Task goal: Below are records to print word for word; include none of their pictures.

Study material:

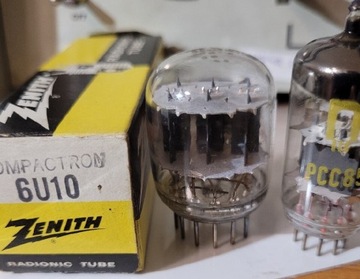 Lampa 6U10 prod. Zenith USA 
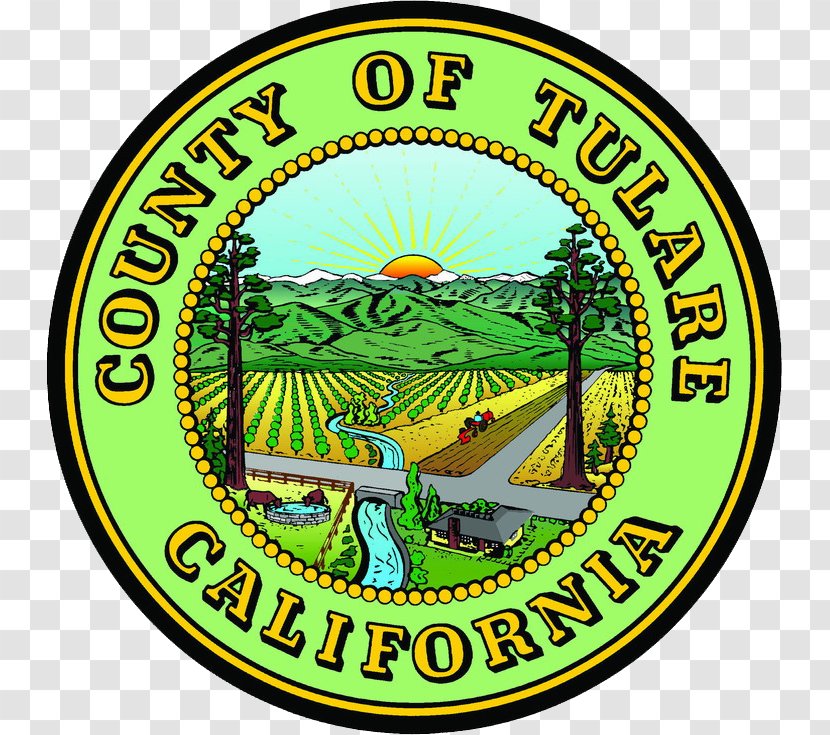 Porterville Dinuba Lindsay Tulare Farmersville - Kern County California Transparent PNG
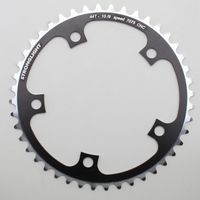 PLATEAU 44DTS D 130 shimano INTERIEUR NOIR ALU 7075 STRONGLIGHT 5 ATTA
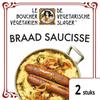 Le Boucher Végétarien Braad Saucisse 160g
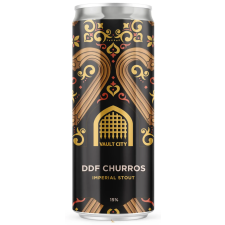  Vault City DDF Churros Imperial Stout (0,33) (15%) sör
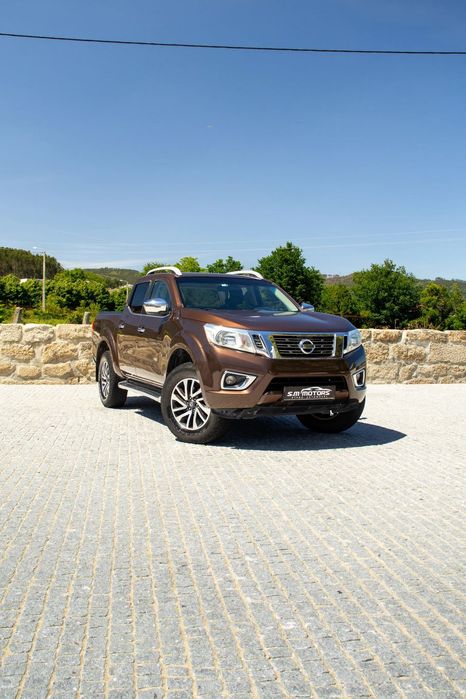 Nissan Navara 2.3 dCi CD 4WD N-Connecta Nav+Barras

Expected output:
 Lampa 6U10 prod. Zenith USA 
 Porterville Dinuba Lindsay Tulare Farmersville - Kern County California Transparent PNG
 PLATEAU 44DTS D 130 shimano INTERIEUR NOIR ALU 7075 STRONGLIGHT 5 ATTA
 Le Boucher Végétarien Braad Saucisse 160g
  Vault City DDF Churros Imperial Stout (0,33) (15%) sör
 Nissan Navara 2.3 dCi CD 4WD N-Connecta Nav+Barras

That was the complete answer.